Thank you, Michael, for your question. We're not here to tell any retailer how to run their business; that decision is entirely theirs regarding inventory management and other aspects. From our experience with SPARC, we've observed some softness in our value-oriented brands. The pressure on consumers related to food, housing, and gas has led them to be more cautious. However, it's important to note that we remained profitable and had a very strong year last year with Penney and SPARC. We are still projecting significant EBITDA growth for these companies. Despite the cautious sentiment among consumers, back-to-school is off to a positive start, with good traffic. The SPARC management team and JCPenney will likely follow the typical path of many retailers by limiting discretionary spending and monitoring their overhead costs.

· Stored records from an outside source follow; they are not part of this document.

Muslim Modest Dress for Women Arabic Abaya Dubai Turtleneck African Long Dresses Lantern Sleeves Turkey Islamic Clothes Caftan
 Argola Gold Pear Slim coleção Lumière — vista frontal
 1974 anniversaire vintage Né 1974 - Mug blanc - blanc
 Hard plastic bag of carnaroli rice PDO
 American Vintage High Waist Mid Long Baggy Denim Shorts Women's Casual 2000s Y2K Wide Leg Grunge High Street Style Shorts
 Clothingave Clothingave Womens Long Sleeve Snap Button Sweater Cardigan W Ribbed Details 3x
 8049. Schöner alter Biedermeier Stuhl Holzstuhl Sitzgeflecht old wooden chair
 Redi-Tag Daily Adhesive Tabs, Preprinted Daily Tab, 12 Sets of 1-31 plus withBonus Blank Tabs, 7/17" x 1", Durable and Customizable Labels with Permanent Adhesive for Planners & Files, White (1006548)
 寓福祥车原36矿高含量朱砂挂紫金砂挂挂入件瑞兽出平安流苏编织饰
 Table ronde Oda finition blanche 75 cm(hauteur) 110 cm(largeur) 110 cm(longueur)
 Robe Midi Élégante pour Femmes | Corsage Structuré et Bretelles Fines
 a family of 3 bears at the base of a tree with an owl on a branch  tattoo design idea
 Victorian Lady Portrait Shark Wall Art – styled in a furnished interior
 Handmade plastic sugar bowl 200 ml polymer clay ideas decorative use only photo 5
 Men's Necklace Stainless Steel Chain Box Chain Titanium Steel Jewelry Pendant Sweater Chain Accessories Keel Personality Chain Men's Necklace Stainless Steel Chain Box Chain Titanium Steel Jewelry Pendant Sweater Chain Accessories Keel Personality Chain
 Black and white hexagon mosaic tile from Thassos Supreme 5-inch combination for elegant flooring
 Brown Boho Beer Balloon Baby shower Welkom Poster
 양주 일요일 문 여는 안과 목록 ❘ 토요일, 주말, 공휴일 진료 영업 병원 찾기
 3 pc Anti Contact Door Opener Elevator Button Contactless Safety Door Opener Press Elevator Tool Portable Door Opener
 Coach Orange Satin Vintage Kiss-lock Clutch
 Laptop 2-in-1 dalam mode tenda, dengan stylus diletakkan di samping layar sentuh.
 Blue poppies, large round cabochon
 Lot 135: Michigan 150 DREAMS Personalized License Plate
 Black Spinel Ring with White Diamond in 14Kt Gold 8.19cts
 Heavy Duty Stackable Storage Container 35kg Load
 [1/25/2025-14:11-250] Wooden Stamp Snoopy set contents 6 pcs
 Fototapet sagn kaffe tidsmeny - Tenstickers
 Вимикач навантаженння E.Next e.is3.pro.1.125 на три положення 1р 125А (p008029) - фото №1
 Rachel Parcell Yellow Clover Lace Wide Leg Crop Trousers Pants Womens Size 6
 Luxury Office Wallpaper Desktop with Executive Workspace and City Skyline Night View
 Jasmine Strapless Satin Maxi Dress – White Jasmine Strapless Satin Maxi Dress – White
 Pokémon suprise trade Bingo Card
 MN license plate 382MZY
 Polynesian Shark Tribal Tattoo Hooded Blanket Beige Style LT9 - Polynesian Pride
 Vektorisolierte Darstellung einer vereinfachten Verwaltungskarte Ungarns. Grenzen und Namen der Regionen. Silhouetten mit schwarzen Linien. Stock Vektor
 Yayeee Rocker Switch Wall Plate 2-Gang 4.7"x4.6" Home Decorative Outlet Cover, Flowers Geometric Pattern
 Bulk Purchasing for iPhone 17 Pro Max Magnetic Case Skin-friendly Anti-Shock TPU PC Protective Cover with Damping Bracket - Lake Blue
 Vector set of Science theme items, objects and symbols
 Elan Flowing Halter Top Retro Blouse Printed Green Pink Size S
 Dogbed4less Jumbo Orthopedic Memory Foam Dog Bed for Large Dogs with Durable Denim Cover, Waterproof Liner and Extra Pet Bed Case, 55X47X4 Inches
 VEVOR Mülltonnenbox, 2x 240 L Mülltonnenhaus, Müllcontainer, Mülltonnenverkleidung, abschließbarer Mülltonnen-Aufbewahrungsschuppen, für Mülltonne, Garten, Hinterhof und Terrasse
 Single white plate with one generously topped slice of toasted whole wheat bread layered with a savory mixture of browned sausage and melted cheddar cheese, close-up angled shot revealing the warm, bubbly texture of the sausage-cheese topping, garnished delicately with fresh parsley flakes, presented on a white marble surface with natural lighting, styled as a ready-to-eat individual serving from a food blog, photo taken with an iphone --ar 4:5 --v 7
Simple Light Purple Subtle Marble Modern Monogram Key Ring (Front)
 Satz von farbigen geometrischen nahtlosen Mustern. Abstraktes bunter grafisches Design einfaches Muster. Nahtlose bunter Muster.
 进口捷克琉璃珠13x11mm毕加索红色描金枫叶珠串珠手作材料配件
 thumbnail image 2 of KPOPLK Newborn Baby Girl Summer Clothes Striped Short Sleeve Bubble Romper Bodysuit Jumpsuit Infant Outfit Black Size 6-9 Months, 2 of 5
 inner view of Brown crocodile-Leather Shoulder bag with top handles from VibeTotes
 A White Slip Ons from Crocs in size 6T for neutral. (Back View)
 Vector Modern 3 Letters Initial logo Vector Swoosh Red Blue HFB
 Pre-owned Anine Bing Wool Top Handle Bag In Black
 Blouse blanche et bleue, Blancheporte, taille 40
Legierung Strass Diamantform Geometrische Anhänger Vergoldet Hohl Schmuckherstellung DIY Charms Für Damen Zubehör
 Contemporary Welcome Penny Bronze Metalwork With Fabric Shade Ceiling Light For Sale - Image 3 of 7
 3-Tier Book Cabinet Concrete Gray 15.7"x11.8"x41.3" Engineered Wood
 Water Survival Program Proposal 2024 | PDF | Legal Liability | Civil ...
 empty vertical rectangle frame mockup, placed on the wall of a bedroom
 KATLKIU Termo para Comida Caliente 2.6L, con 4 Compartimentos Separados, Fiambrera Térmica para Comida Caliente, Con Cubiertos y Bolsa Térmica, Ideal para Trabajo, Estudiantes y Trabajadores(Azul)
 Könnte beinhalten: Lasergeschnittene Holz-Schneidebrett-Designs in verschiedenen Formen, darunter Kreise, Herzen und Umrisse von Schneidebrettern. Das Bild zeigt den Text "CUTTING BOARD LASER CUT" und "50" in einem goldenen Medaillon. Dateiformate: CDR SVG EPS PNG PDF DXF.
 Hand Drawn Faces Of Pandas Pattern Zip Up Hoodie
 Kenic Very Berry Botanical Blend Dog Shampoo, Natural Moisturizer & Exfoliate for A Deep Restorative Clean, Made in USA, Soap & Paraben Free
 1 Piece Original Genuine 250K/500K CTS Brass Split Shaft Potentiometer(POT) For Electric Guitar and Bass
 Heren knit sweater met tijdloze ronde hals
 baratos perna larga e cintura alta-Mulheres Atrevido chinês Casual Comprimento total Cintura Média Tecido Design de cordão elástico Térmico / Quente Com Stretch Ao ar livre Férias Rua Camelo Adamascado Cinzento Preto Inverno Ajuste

They tend not to close stores since they are profitable and will stay focused on marketing expenses, ensuring a good return on investment for digital spending. While we would never dictate to retailers what they should do, we are open to sharing insights if they wish. Additionally, this portion of our business represents a small segment of our overall operations, under 10%. I am discussing cash returns, and having received cash distributions from both SPARC and Penney, I essentially have no net investment. These businesses will face earnings fluctuations like any retailer, but there's potential upside. They are well-equipped to manage ongoing challenges, as illustrated by JCPenney's $1.3 billion of liquidity. I hope that addresses your question.

Operator

Our next question is from Alexander Goldfarb with Piper Sandler. Please proceed with your question.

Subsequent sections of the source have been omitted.